Z takiego założenia można wyjść czytając informacje o wczorajszym kupnie domeny gmail.pl. Grupa Młodych Artystów i Literatów w końcu postanowiła "pozbyć się" adresu, który można łatwo pomylić z gmail.com - serwisem poczty Google. Według nich ostatnimi czasy po aferze z próbą odebrania adresu przez Google serwery na których jest utrzymywana strona nie wytrzymywały napływu internautów (a trzeba było przepiąć się na hosting Google :) ).
Domena gmail.pl została sprzedana na najpopularniejszym w Polsce serwisie aukcyjnym za ponad 70 tyś. złotych (komu?, Google?) w pakiecie razem z adresem www.prostyadres.pl.
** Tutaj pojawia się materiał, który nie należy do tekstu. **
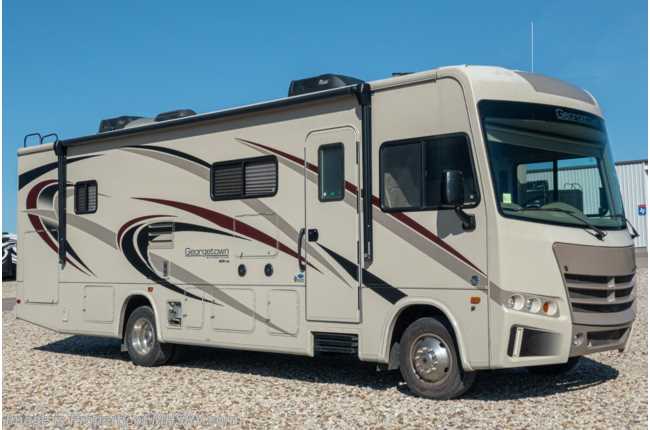 2018 Forest River Georgetown GT3 30X3 W/ OH Loft, King, 2 A/Cs, Ext TV Consignment RV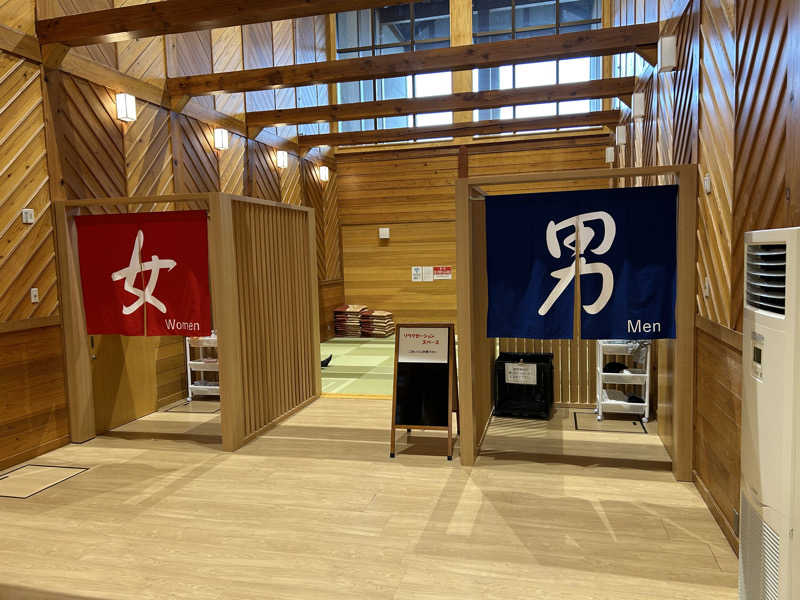 ぶんしちさんの中里温泉のサ活写真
Co jednak ciekawe, Allegro usunęło linki do wszystkich aukcji, które wcześniej wygrał zwycięzca obecnej aukcji. Nie znajdziemy ich także na żadnym serwisie archiwizującym aukcje:).
PS. Jeśli to nie Google kupiło domenę, to ciekawe za ile teraz internauta, który ją wygrał będzie w stanie ją oddać po cichu gigantowi? Ja nie mogę się już doczekać domeny gmail.pl w poczcie Google.